… all things merge into one, and a road runs through it. With apologies to Norman Maclean.
At the northern end of Fortrose, turn right down Ness Road, signposted Chanonry Point and a single-track leads to the lighthouse and a shoreline dotted with optimists, staring intently out to sea, searching for dolphins. This is the road that cuts through the Fortrose & Rosemarkie golf course, hallowed undulating turf that has played host to golf since 1793. It is a fine stretch of links with arresting views from tee to green on every hole. For the casual visitor, it is difficult to pick out one special hole; they all are.
It is a reassuring coincidence that while the French Revolution’s Reign of Terror was in full swing, the British were building golf courses. As the French honed their guillotines to slice the gentry, we were commandeering the links to slice golf balls. This significant date is carved into the bank of the 18th tee, fully visible from the clubhouse, and styled in the manner of the Fovant Badges. The club proudly claims to be the fifteenth oldest golf course in the world; it is surprising there are so many which are even older.
From the road, the course appears to occupy a narrow strip of land between the town and the lighthouse but there is ample space on both sides and only the wildest of drives is likely to make contact with passing traffic. The exceptions are the 5th, a short par three at the top of the course that crosses the road, and the slightly daunting 12th & 13th where the narrow fairway is bordered by heavy gorse on the right and the road on the left. At the 13th, my drive crossed the road for a subsequent blind 9-iron over gorse in full bloom, onto the edge of the green. It was one of the few holes I parred on the back nine – my game is much improved by blind faith. The back of the 14th green is denoted by large white painted boulders – a strong hint not to go too long otherwise vehicular contact is more than likely.
The daunting 13th
For all its remarkable vistas, it is the 4th and 5th the top end of the course, nearest the lighthouse, that leave the most enduring impression; a shame, in some respects, that they come so early in the round. The signature hole, the fourth, Lighthouse looks innocuous from the tee to the uninitiated (stroke index 1, par 5 off the whites and a par 4 off the yellows). Those of us, middling golfers, who reach for the driver, seeking distance under all circumstances, will be in for a sad surprise. The marker post may offer an idealised line for the competent but it also coincides with a deep dip in the fairway and some unpleasant rough to the right. I got lucky, landed on an elevated path, took a drop from knee-height, of course, and then found myself with an inviting long pitch to the green. Anything long into the green and you are faced with a knee-trembling downhill putt while anything short is likely to roll off the front and into a severe dip.

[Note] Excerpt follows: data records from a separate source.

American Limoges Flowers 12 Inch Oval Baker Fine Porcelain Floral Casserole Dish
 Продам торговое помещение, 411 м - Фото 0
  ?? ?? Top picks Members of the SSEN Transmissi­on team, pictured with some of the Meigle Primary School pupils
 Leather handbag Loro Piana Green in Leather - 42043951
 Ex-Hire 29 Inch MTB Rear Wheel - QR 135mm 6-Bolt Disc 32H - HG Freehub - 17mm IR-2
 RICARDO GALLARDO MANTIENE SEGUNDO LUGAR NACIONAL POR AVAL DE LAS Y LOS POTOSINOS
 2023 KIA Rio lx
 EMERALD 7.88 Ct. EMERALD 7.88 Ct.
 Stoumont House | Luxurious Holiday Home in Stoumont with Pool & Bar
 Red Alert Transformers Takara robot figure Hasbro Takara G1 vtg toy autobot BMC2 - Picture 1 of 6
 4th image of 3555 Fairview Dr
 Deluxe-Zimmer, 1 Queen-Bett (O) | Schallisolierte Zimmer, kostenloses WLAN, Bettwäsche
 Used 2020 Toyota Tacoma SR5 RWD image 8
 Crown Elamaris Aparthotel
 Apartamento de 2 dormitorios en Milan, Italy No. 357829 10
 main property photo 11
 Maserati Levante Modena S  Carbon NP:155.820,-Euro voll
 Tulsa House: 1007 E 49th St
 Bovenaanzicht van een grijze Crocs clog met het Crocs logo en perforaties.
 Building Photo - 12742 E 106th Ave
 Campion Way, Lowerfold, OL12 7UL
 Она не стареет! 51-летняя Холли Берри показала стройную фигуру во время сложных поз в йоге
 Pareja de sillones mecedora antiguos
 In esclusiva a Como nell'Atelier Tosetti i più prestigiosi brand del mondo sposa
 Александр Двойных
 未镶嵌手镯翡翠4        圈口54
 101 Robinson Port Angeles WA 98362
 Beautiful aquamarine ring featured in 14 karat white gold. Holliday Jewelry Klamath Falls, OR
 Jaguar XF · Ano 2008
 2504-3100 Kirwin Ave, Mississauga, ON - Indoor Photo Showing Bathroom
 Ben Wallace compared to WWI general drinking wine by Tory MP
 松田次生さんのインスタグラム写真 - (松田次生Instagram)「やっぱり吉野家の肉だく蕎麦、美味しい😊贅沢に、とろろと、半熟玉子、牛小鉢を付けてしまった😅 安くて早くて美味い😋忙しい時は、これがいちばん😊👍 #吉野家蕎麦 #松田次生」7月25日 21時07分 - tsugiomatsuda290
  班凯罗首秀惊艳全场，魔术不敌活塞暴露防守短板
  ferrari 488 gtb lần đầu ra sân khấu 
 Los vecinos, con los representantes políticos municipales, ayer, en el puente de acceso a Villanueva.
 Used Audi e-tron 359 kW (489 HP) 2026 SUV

I threatened the pin, briefly, and then watched in despair as the ball rolled some distance off the green into the aforementioned dip. I was moderately happy to walk off with a six – I am not an ambitious golfer. The lighthouse provides the perfect backdrop throughout – designed by Alan Stevenson, it first came into service in 1846 and adjoins a collection of Egyptian styled keepers cottages.
To the right of the 4th green can be seen the tees for the 5th, a short par 3, Icehouse, which crosses the road and any traffic entering or leaving the Chanonry Point car park. The hardest hole on the course is followed by one of the ‘easiest’ at stroke index 17. There is rough almost all the way to the green which cosies up to the road and, at the back, there is the beautiful briny sea. To the left are a collection of buildings which include the Ferry House, once an Inn and home to the ferryman who plied the waters between Chanonry Point and Fort George. A passenger ferry operated until 1953.
The 5th, Icehouse
I found the 5th green in one with a ‘perfectly’ executed pitching wedge – the subsequent 3-putt was not so cleverly executed. Worse things happen – as if to emphasise this point, Undiscovered Scotland tells this salutary tale: In about 1675 the point was where Kenneth Mackenzie or Coinneach Odhar, better known as the Brahan Seer, is said to have met his end. The Brahan Seer is often thought of as a Highland Nostradamus. When asked by Isabella, 3rd Countess of Seaforth, why her husband was late returning home he first prevaricated, but when pressed simply told her that her husband was dallying in Paris with a lady who was more attractive than the Countess herself. Coinneach Odhar’s reward was to be hauled off to Chanonry Point where he was burned to death in a barrel of tar. He overlooked the golden rule of seers, or consultants of any sort: first find out what the client wants to hear. It is difficult to think of a worse outcome – the 4-putt perhaps.